<Jan 30, 20> Zero MDR: A One-Two Blow To Financial Inclusion - Article by U. Sinha in BusinessWorld
Processing payments and financial inclusion are societal imperatives, no doubt. But they are not part of the social guarantee net. They are businesses, and last I checked, free still remains a famously difficult model for making money.
Zero MDR: A One-Two Blow To Financial Inclusion
The push towards Zero is driving what could be a healthy business ecosystem towards the lowest common denominator of a single business model: that of monetizing data. Ethics and privacy aside, while this works great in spaces where the incremental marginal costs of acquiring a new user are minimal, this push is leaving a substantial portion of the country behind as the cost of infrastructure needed to support them fails to be supported by the direct revenue potential. What is needed here is free-market economics, what we are getting instead is a strange cocktail of capitalism watered down by socialist intent.
MDR (or Merchan Discount Rate) was a victim to this ideology in Budget 2019. MDR is a fee charged to a merchant for accepting card payments and helps compensate the value chain enabling the transaction (like the card issuer and the PoS terminal provider and operator). Discounting MDR to zero is something nobody sought: and there is no social benefit to it. Let us set aside the fact that MDR in India has already been heavily regulated, and that despite the heavy regulations, businesses have found ways to survive and even turn profitable. Or the fact that the razor-thin margins ill-afford a player in this space to engage predatory tactics: like price gouging.
Let us, in fact, accept zero MDR as a fact. How then do the businesses in the space make money? The answer to the consumer is simple. As the adage goes, if it’s free: you are the product.
And when the consumer is the product, the game is big data. An opt-in by default choice is being on behalf of the consumer: if you want to transact using electronic payments, you will have to deal with the fact that the only viable way for the business making that transaction happen is for them to trade on your personal information. And unfortunately, that is a choice not many of us are engaged or sophisticated enough to opt-out of.
Consequence two of Zero MDR is more permanent: despite the boom in FinTech funding in India, the painful truth is that very few companies are in the black yet. A lot has to do with thin margins endemic to the sector. The reason we still feel the FinTech euphoria and are unaware of the pain under the surface is that the $18 billion or so in VC money that flowed into space is keeping the mood ebullient. But the party will stop if these businesses don’t start making money.

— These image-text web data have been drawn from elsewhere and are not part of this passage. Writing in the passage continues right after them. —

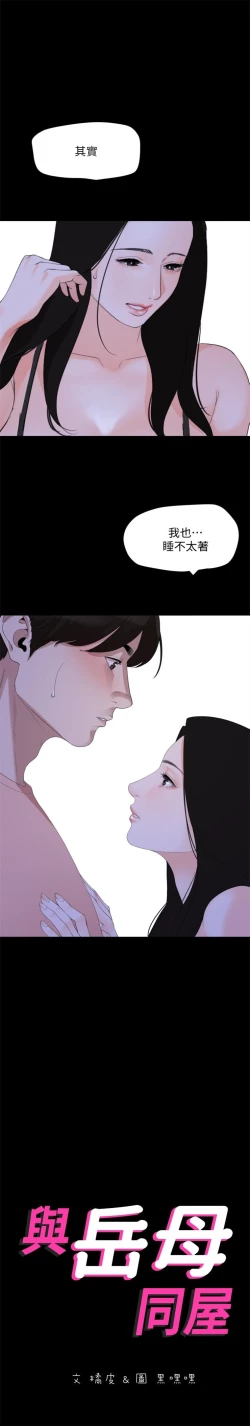 Page 28 of 與岳母同屋 1-10 官方中文（連載中）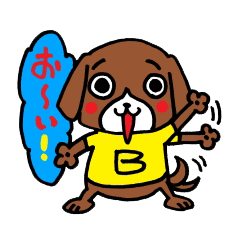 [LINEスタンプ] ハッピービーグルくんベイビー 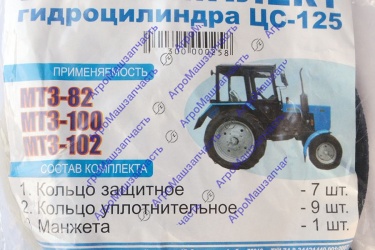 РЕМКОМПЛЕКТ ГИДРОЦИЛИНДРА НАВЕСКИ ЦС-125 МТЗ-80, 82, 100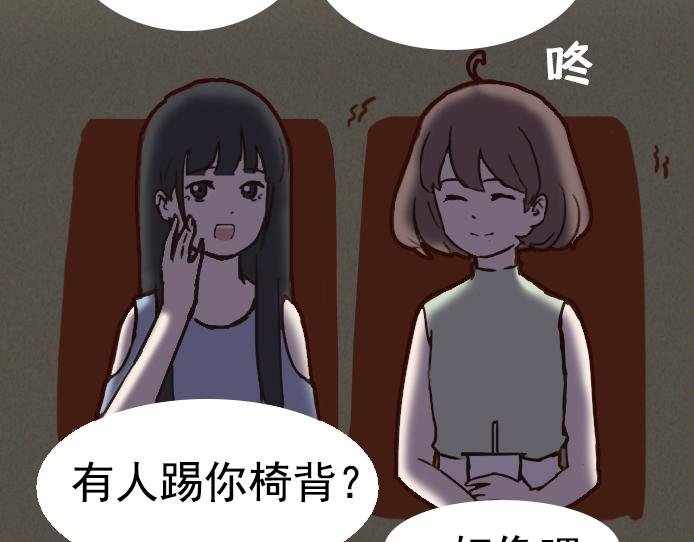 第六话：讨好型人格的烦恼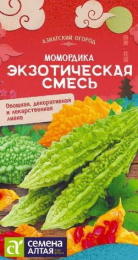 Момордика Экзотическая смесь 4шт. цветной пакет Азиатский огород Семена Алтая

One way of making this money would have been to embrace ‘financial inclusion’ in its fullness and go the last mile to those remote parts of the country: the Bharat behind India. The only way that would be viable would be for companies to be allowed to charge higher MDRs for going there, at least in the short term: to justify both the effort required to develop these markets, and to reflect the lower transaction values and volumes they would attract - a relaxation we have in fact been advocating as an industry for years. Instead, the guillitone of Zero MDR has fallen and made that entire conversation moot.
Who then would be left to go there: to include Bharat in India’s financial markets? Inevitably, it will have to be someone for whom payments is a feature, not a product. A nice to have something to keep the engagement journey going.
In short: if you don’t want to make money through MDRs, you really aren’t in the business of payments. Processing payments and financial inclusion are societal imperatives, no doubt. But they are not part of the social guarantee net. They are businesses, and last I checked, free still remains a famously difficult model for making money.